- **YOUR OBJECTIVE**:
What you give back from the listing below should be an exact copy of the lines from the one with "Haus Abel - with" down to the one with "Turkey Alanya City", and it should contain no pictures.

- **MATERIAL FOR THE TASK**:

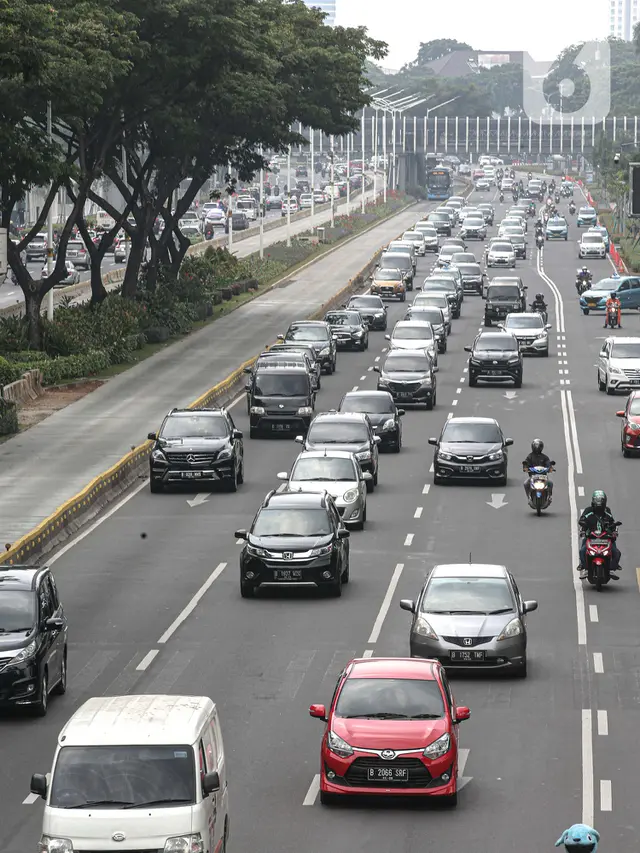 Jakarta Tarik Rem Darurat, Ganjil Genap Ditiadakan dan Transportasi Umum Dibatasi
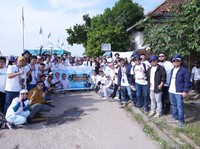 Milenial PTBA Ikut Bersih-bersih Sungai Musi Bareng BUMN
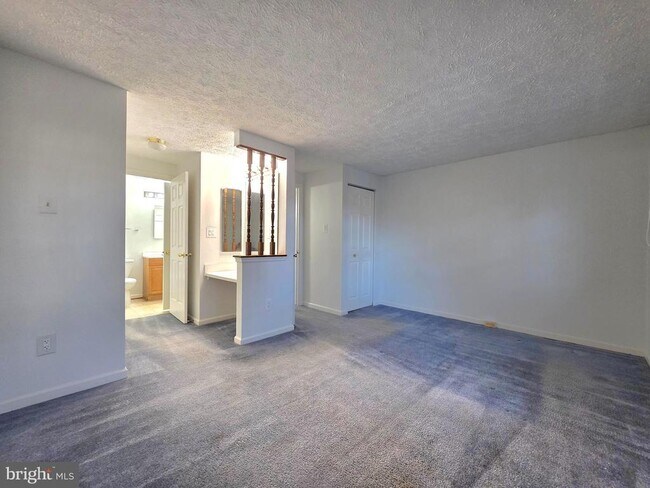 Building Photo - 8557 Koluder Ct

---

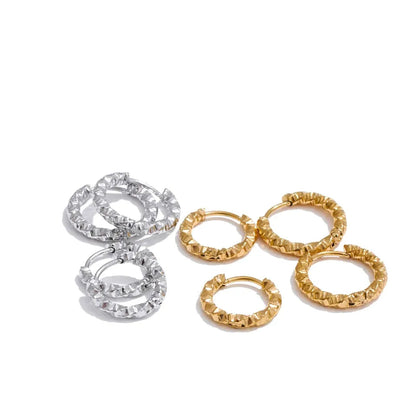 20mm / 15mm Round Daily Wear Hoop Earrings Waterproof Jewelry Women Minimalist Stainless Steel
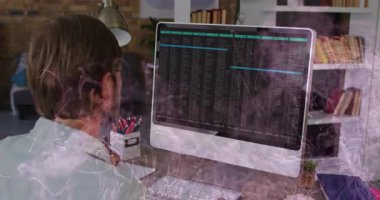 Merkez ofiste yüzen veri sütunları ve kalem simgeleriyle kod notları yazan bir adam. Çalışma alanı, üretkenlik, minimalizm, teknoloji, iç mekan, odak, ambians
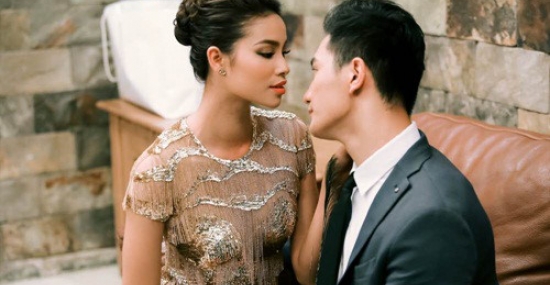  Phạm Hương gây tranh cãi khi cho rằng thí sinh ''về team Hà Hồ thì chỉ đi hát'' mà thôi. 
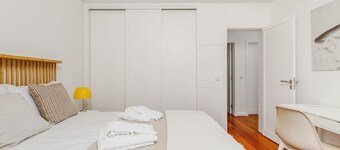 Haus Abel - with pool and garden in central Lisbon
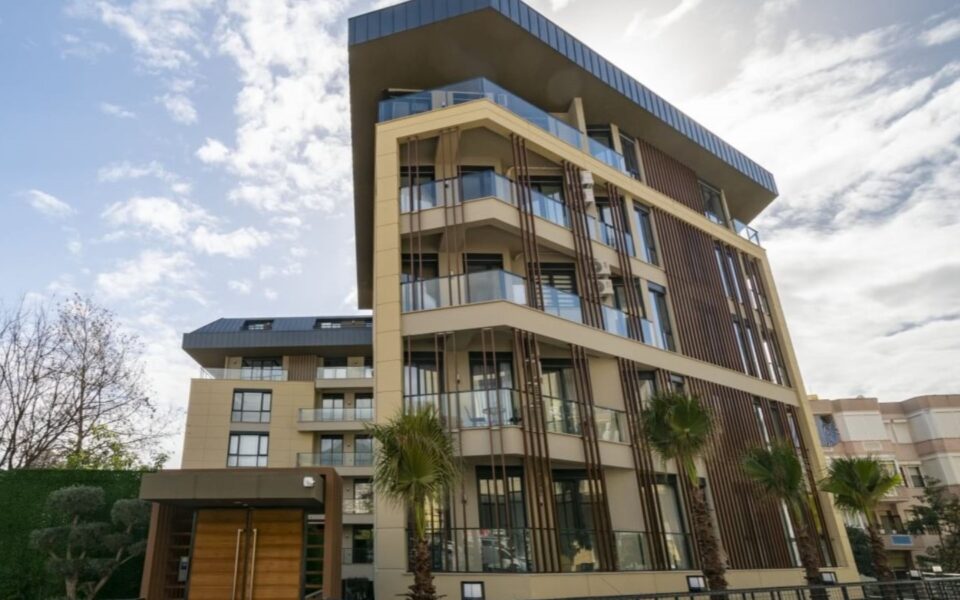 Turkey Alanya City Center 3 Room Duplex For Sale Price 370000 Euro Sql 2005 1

* * *

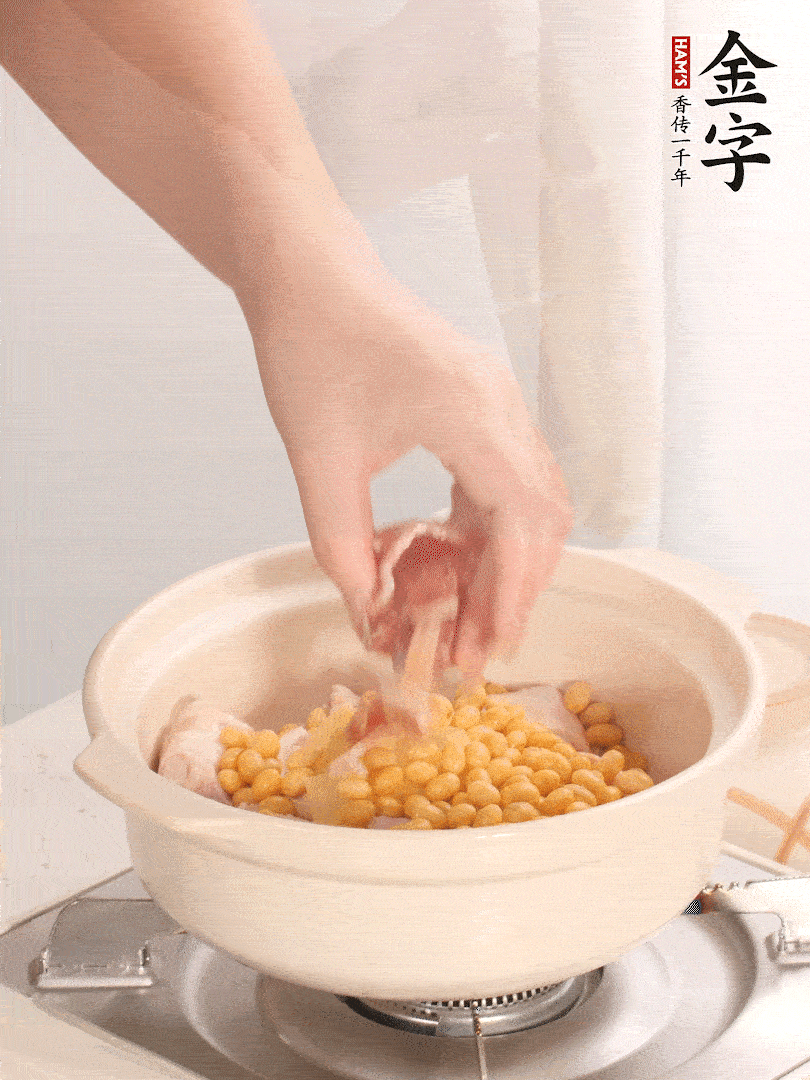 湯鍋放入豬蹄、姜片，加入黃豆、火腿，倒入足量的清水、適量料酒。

- **RESPONSE**:
 Haus Abel - with pool and garden in central Lisbon
 Turkey Alanya City Center 3 Room Duplex For Sale Price 370000 Euro Sql 2005 1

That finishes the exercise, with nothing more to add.